SEARCH FOR THE BEAST
By Derrick Ferguson
Based on the screenplay by Rick Montana
Pro Se Press
169 pages
This is a book we’ve been most anxious to get our hands on for multiple reasons. So here’s a question for all of you. What do you get when you adapt an hour long B horror movie into a full length novel? Well, if the writer chosen to do the novelization is competent, you’ll most likely get an okay prose version of the flick. Whereas if your writer is one of the finest, most capable authors in New Pulp today, what you’ll end up with is something a whole lot more intense, suspenseful and exciting than the actual source material.
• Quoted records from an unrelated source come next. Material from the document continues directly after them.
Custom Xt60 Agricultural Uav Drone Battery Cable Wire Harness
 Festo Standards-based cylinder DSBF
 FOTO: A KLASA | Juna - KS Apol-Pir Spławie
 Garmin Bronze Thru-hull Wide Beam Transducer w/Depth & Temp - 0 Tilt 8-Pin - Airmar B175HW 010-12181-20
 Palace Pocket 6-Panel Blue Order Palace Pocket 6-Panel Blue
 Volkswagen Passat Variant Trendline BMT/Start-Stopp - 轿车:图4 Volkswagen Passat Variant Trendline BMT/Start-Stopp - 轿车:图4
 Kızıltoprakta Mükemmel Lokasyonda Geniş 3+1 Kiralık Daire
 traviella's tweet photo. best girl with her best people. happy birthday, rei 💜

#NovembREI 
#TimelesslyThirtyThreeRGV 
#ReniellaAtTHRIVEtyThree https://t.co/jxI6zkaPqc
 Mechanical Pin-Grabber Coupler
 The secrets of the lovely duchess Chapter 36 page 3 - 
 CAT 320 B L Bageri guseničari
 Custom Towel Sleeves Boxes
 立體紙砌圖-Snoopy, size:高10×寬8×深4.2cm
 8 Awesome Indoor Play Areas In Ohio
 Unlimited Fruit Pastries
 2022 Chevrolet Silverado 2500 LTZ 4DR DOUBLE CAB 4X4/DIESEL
Now as to that latter, we have not seen writer/director Rick Montana’s little movie and are solely referring to the extremely negative comments on its Amazon page. Ouch. We don’t generally mind B movies, but those with a modicum of fun attached to them. Now back to book review.
One of the first things Ferguson does is shifts the tale’s setting from the backwoods of Alabama to the northwest Florida swamps, which is a much more logical setting if the entire theme of your narrative centers around the hunt for a bigfoot type creature called the Beast. The protagonist is a former Army Ranger turned archeologist named David Stone who is quite familiar with both the Beast and his Okaloosa wilderness habitat. When the son of the area’s richest men goes missing along with his girlfriend, the father hires Stone to go and find him. He also sends along a squad of ex-military mercenaries led by one Jim Steele. Stone is rightly suspicious of Steele and his team, sensing early on that their agendas are not the same. Unfortunately Stone has made the mistake of bringing along an undergraduate student, Wendy, and he soon fears he has not only endangered his own life but hers as well.
No sooner does the group get settled into their bivouac camp, then the Beast appears and savagely murders one of Steele’s men. At the same time another group of mysterious hunters materializes and Steele is convinced they are chasing after the same illegal cache he has been hired to find and destroy. All the while Dr. Stone and Wendy are caught up in the crossfire doing their best to survive both the human killers and the supernatural Beast.
Ferguson imbues what is a fairly standard plot with so much verve and energy, this reviewer became totally caught up in the tale; willingly forgetting how outlandish the plot is. He is a masterful writer and gives these characters tons more depth and substance than any B movie could ever offer. Maybe some night we’ll get to see the film on cable, till then, we’re in no hurry to do so. Having read the book, we’re pretty sure we came out ahead on this one.